L'Italia, come il più compatto nucleo dopo la Russia e la Germania, perché ha cinquanta milioni, sarà la potenza destinata a dirigere dal Mediterraneo tutta la politica europea. Da Londra, Parigi e Berlino, l'asse si sposterà verso Roma. Italia dovrà essere il ponte fra l'Occidente e l'Oriente.

Verso l'espansione nel Mediterraneo e nell'Oriente l'Italia è spinta dal fattore demografico. È troppo ristretto il nostro territorio per un popolo così esuberante.

Ma per realizzare il sogno mediterraneo bisogna che l'Adriatico, che è un nostro golfo, sia in mani nostre. Di fronte a una razza come la slava, inferiore e barbara, non si deve seguire la politica che dà lo zuccherino, ma quella del bastone.

Il popolo italiano ha tre qualità che gli garantiscono il successo: è prolifico, è laborioso, è intelligente.

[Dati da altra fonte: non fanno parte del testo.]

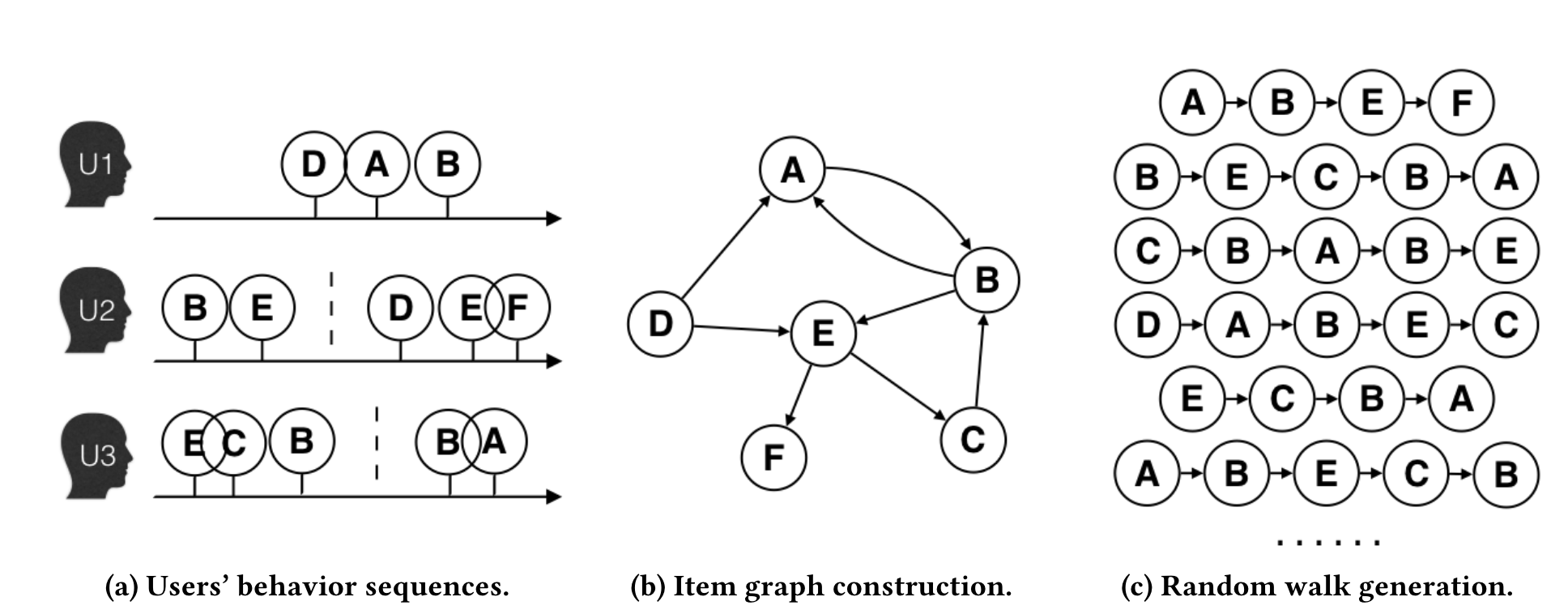 eges_item_graph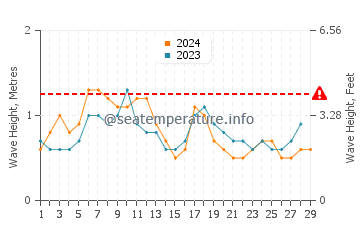 Wellenhöhe in Bouillante im Februar
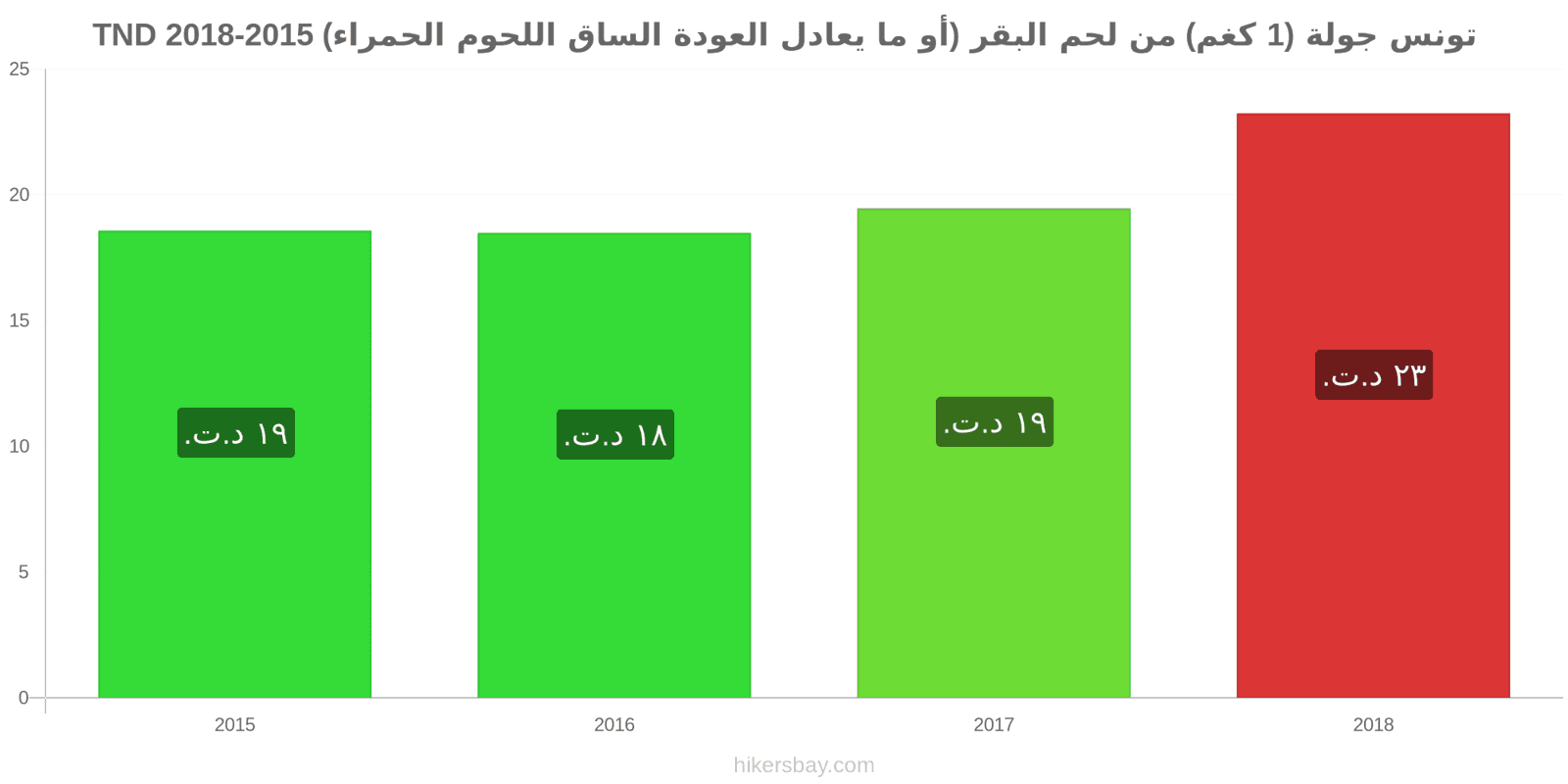 تونس تغييرات الأسعار لحم بقري (1 كغم) (أو لحم أحمر مماثل) hikersbay.com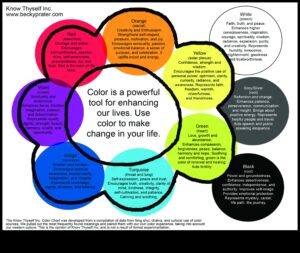 Εξερευνώντας την Χρωματική Αρμονία: Επίτευξη Ισορροπίας σε Ζωντανές Συνθέσεις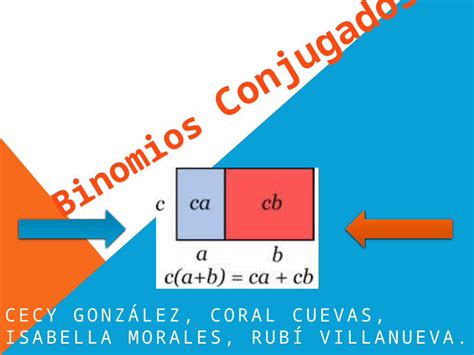 Pptx Productos Notables Binomios Conjugados Dokumen Tips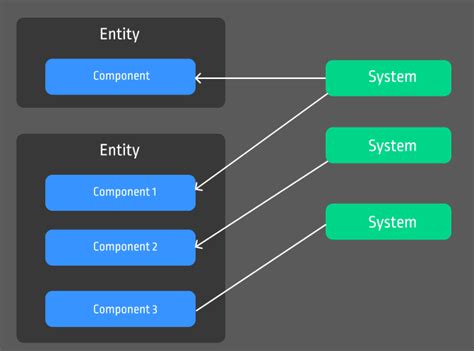 Unity Dots 的图像结果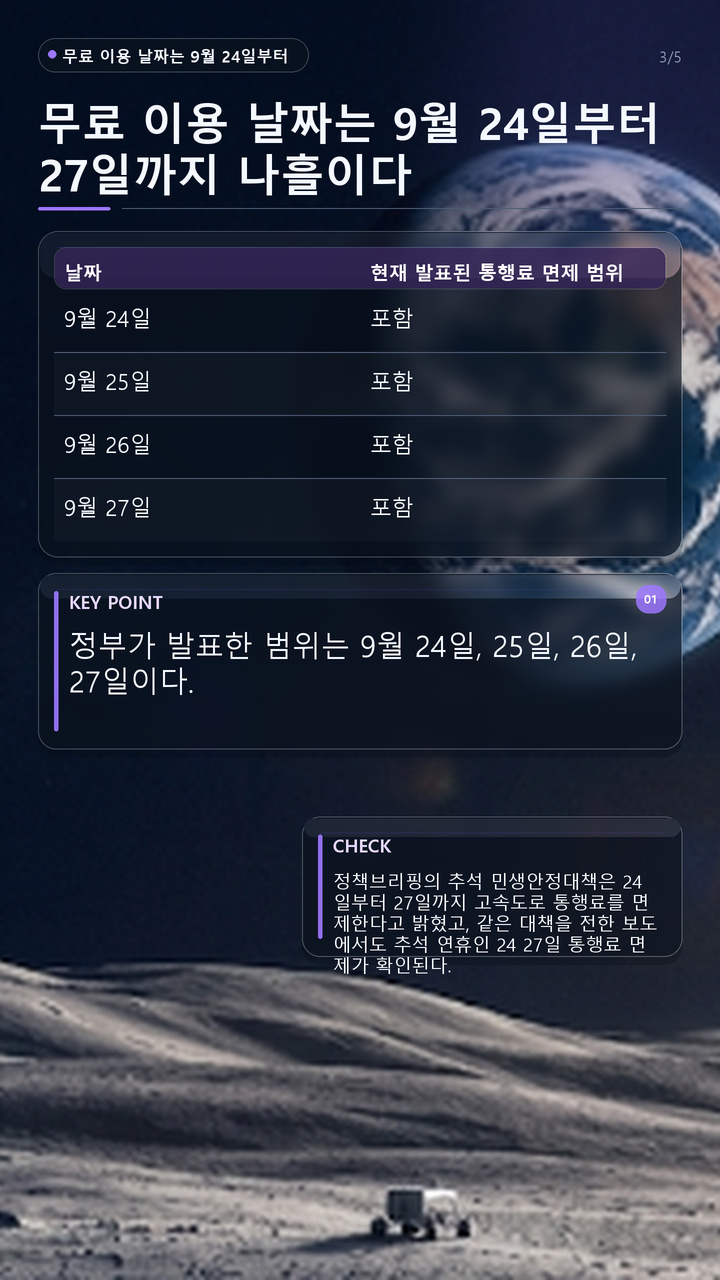 2026 추석 고속도로 무료 9월 24~27일, 28일 출발은 면제 기간에 포함될까 - 무료 이용 날짜는 9월 24일부터 27일까지 나흘이다 핵심 내용을 정리한 정보형 이미지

Nel futuro prossimo ogni italiano ripeterà come il cittadino romano: sono orgoglioso di essere italiano!

Noi non temiamo più le rinunce. Se il conte Sforza oserà qualche rinuncia, i legionari di Gabriele d'Annunzio occuperanno tutti quei territori a cui il ministro avrà rinunciato!

I confini d'Italia devono essere il Brennero, il Nevoso e le Dinariche; sì le Dinariche per la Dalmazia dimenticata!

Oggi l'opera dei fascisti si riduce a quella di sprangare la porta di casa e rastrellare nell'interno. Chi è dentro le nostre terre di frodo o con frode deve andarsene.

Il nostro imperialismo, che vuole raggiungere i giusti confini segnati da Dio e dalla natura, e che vuole espandersi nel Mediterraneo, non è quello prussiano violento, né quello inglese ipocrita; è invece quello romano.

Noi non possiamo disarmare, finché gli altri non avranno disarmato; noi non possiamo trasformare nostre spade in aratri, finché la stessa cosa non avranno fatto gli altri Stati e la Jugoslavia vicina!

Basta con le poesie. Basta con le minchionerie evangeliche.

Ma a tenere salda l'Italia nelle future sue battaglie, occorre la vostra fede, o cittadini, occorre il vostro giuramento!